March 12, 2009
Digest: A judge may visit his/her third degree relative in jail and/or discuss that relative’s case with the relative’s Public Defender, as long as the judge does not have any ex parte contact with the judge presiding in the matter and does not invoke his/her judicial office or otherwise lend the prestige of his/her judicial office for his/her relative’s benefit.
Rules: 22 NYCRR 100.2; 100.2(A); 100.2(C); 100.3(B)(6); Opinions 06-101; 07-205; 07-178.
A part-time judge’s third degree relative has been charged with a felony in a neighboring municipality located in the same county where the judge presides. The judge asks whether it is permissible to visit his/her relative at the county jail and facilitate the relative’s communications with his/her assistant public defender.

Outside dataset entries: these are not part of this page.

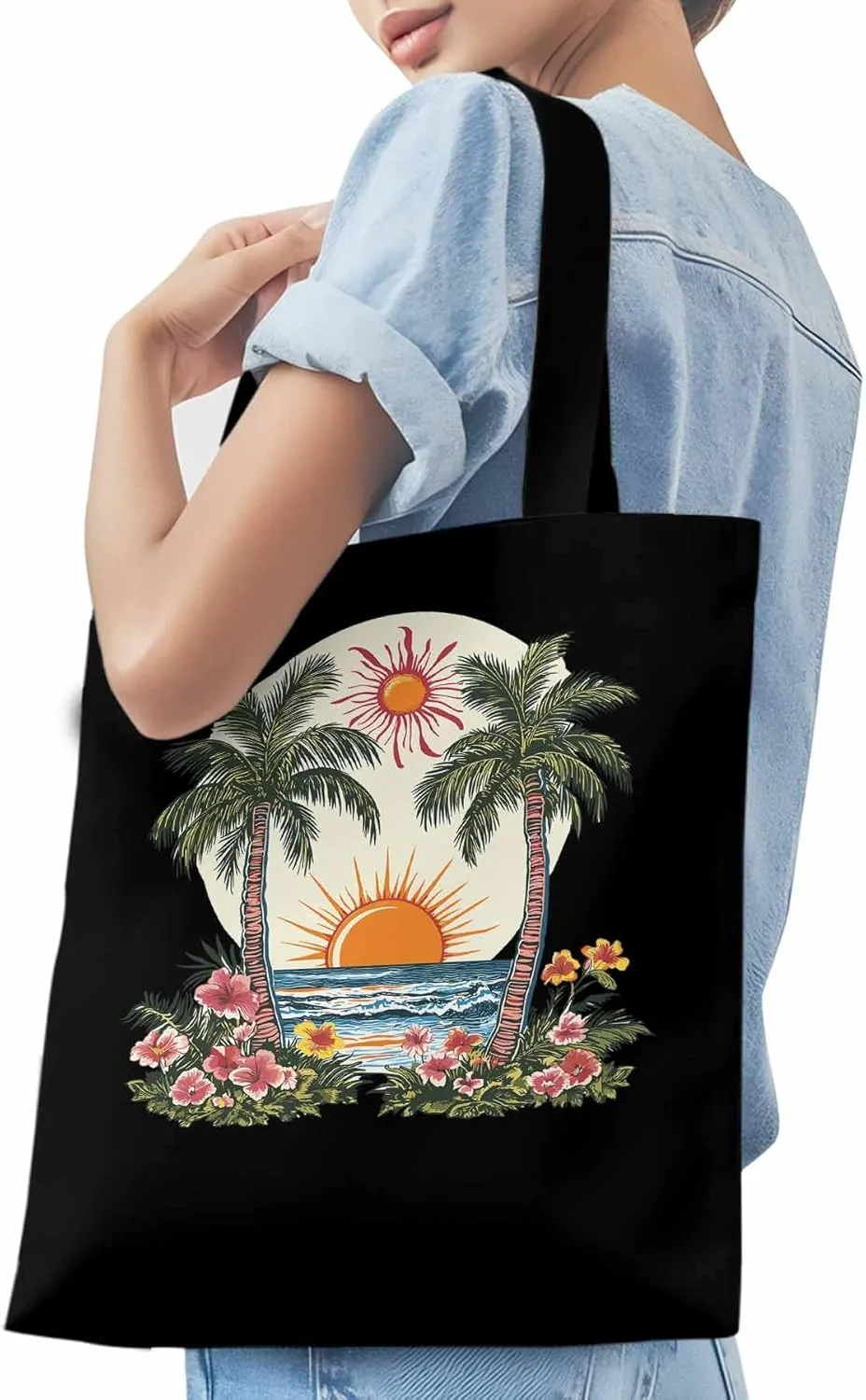 Canvas Tote Bag, Boho Sun Beach Palm Trees Floral patterned Canvas Tote Handbags for Women Shoulder Bag,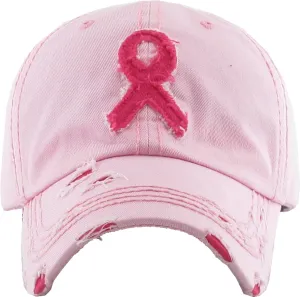 KBVT212 Breast Cancer Ribbon Vintage Washed Baseball Cap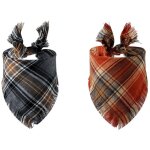 Bandanas � carreaux pour chiens, lot de 2 foulards triangulaires r�versibles pour chiens avec bords � ...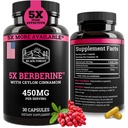 Black Forest 5X Berberine a Dihydroberberine dodatek (Super Berberine nyní 5X účinnější než pravidelný Berberine HCL) Nejlepší Dihydroberberine s Ceylon Skořice - Podobné Berberine Phytosome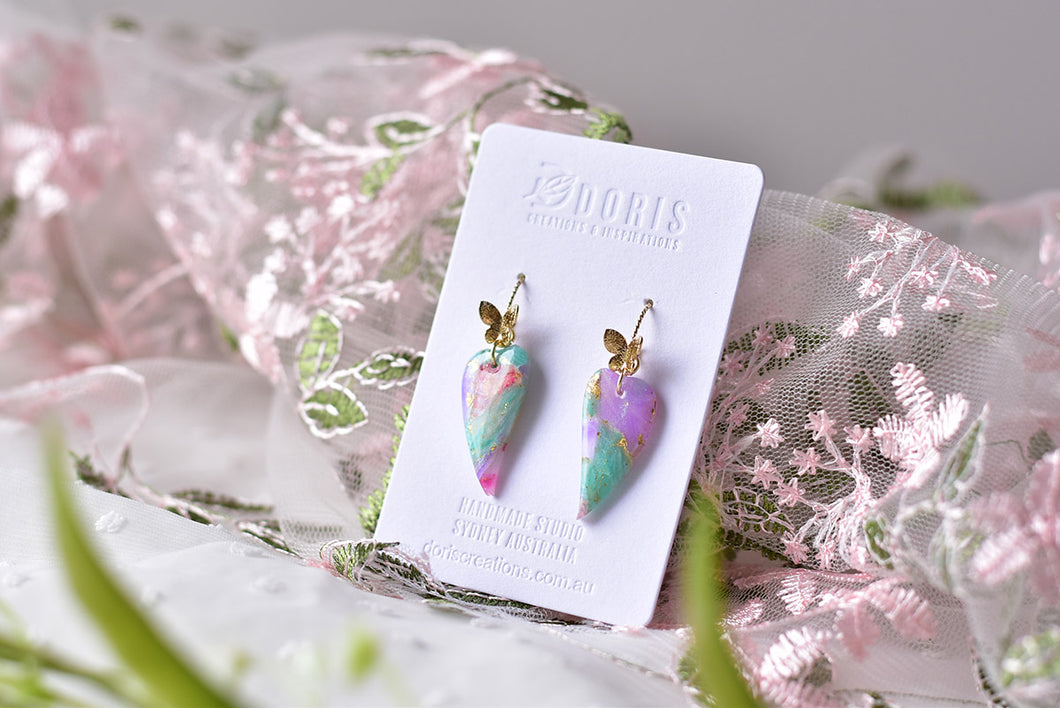 Translucent Blue&Purple&Red Polymer Clay Earrings (Resin Cover 6)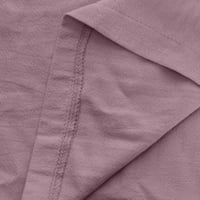 Vrhovi dugih rukava za ženska modna gumba Solid Boja majica Dugi rukavi Bluza Okrugli vrat Ležerne prilike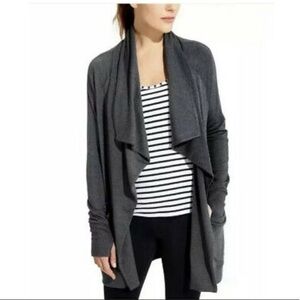 Athleta Studio Yoga Wrap Cardigan Casual Basic Classic Relaxed Waterfall Grey S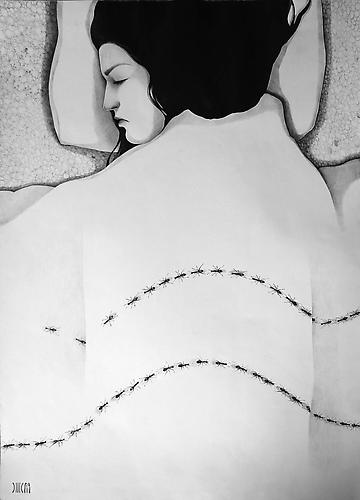 Untitled
From the  My World  Series
Black Pen on Cardboard
70 x 100 cm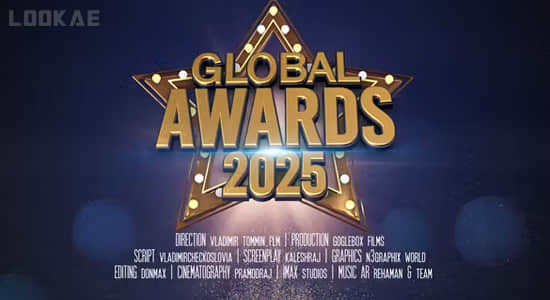 金色粒子五角星颁奖典礼包装开场介绍片头AE模板 Awards Promo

A judge must avoid impropriety and the appearance of impropriety in all the judge’s activities (see 22 NYCRR 100.2), and must act at all times in a manner that promotes public confidence in the integrity and impartiality of the judiciary (see 22 NYCRR 100.2[A]). Therefore, a judge must not lend the prestige of judicial office to advance the private interests of another (see 22 NYCRR 100.2[C]).
The Committee has advised previously that a judge may attend and observe court proceedings involving the judge’s 21-year old child (see Opinion 07-205 ); act as a minor child’s parental representative when answering a summons before an administrative agency (see Opinion 06-101); and accompany the judge’s minor child to Family Court when the child testifies as the complainant in a juvenile delinquency case (see Opinion 07-178).
Although the judge in the instant inquiry is not the criminal defendant’s parent, the Committee sees no impropriety in the judge visiting his/her incarcerated third degree relative or discussing the case with the relative’s assistant public defender, as long as the judge does not have any ex parte contact with the judge presiding in the matter (see 22 NYCRR 100.3[B]; Opinion 07-178). Nor may the judge invoke his/her judicial office or otherwise lend the prestige of his/her judicial office for his/her relative’s benefit ( 22 NYCRR 100.2 [C]; Opinion 07-178).